Banks and non-banking financial companies (NBFCs) in India offer gold loans. The purity of the gold you offer is verified and the loan amount sanctioned accordingly.

The Reserve Bank of India’s notification released in January 2014 says that up to (maximum) 75 per cent of the value of gold pledged can be given as loan by both banks and NBFCs. This is called the loan to value (LTV) ratio. That is, if the price of gold is ₹3,000 per gm and you pledge, say, 50 gm (total worth ₹1,50,000), then you are eligible for a maximum loan of ₹1,12,500 (75 per cent).

However, institutions may have their own limits. For instance, Shriram City Union Finance, an NBFC, offers a maximum of up to 60 per cent of the net value of the gold. Ranjit Punja, CEO and co-founder, CreditMantri, says, “Volatility in gold price at the time of taking the loan plays a significant role in determining the LTV ratio. More volatile the prices, less the LTV ratio.”

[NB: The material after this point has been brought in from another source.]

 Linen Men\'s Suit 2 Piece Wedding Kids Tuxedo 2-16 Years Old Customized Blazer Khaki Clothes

The process involves minimum documentation on the part of the borrower. This is because gold loan is a secured product and you give the institution physical gold as collateral. Your photograph, identity proof and address proof are the documents to be submitted with the loan application form. This is one of the major advantages vis-a-vis the personal loan, where you will be asked to give income proof, income tax returns (Form 16), etc.

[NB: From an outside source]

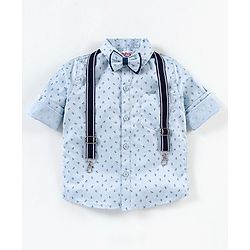 Babyhug Full Sleeves printed Party Shirt With Bow & Suspender - Blue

Being a secured loan, chances of it being sanctioned are high, whereas in the case of a personal loan, the probability of it getting rejected cannot be ruled out.

Puru Vashishtha, Board Director, Deal4loans, says, “You don’t get a personal loan if your credit score is not good. But a bad credit score is not a deterrent for getting a gold loan.”

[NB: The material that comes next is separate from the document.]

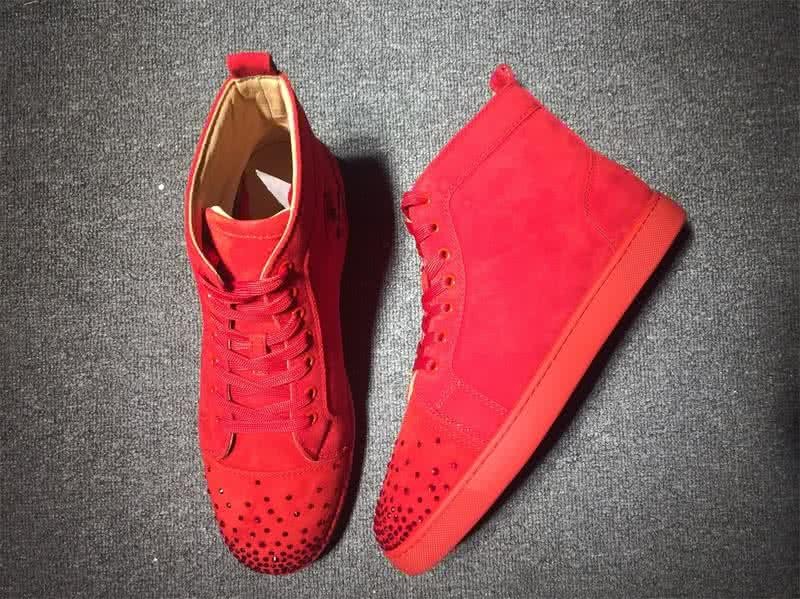 Christian Louboutin High Top Suede All Red And Rhinestones On Toe Cap 3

Interest rates, other charges

The interest rates and other charges like processing are less for gold loans compared to personal loans. In banks, the interest rate for gold loan ranges from 11.2 per cent (State Bank of India) to 14.5-17 per cent (Axis Bank). This is lower than for personal loans where interest rates can go over 20 per cent. However, some NBFCs charge a higher rate for gold loans compared to banks. For Muthoot Finance, the interest rate for a 12-month scheme ranges from 21 to 24 per cent.

The processing fee is between 0.5 and 1 per cent of the loan amount, which is half the fee levied for personal loans. There is no prepayment charge in case of gold loan. But you may be slapped with a charge for prepaying your personal loan. ICICI Bank, for instance, charges 5 per cent of the outstanding loan amount as prepayment charge.

Loan tenor and repayment

Gold loan tenors are short compared to personal loans. They cannot exceed 12 months in case of banks as per RBI norms. But NBFCs like Muthoot Finance offer gold loans for a 36-month tenor if you opt for equated monthly instalment (EMI) schemes.

Unlike personal loans which are repaid only in the form of EMIs, gold loans have other options as well. One, you can pay the interest upfront and repay the principal amount at the end of the loan tenure while you redeem your gold.

The second option is that you can pay the interest component alone every month and the principal amount at the end of the loan tenor. The mode of repayment can be decided when you apply for the loan.

Pros and cons

Repayment of the principal at the end of the loan tenor, zero prepayment charges and lower interest rates compared to personal loans are the three major advantages of gold loans, according to Ranjit. Lower processing fee, minimum documentation and less time for approval are the other positives.

However, there is a flip side too. In some cases, if the gold price has dropped very sharply during your loan tenor, then you may be asked to park more gold or pay cash to maintain the LTV.

“Certain banks and NBFCs enter into agreements with customers that if the value of gold falls beyond a certain limit, the interest rates may change accordingly,” says Puru. “But the probability of such occurrence of gold price crashing within the short loan tenor of 12 months is very less,” adds Ranjit.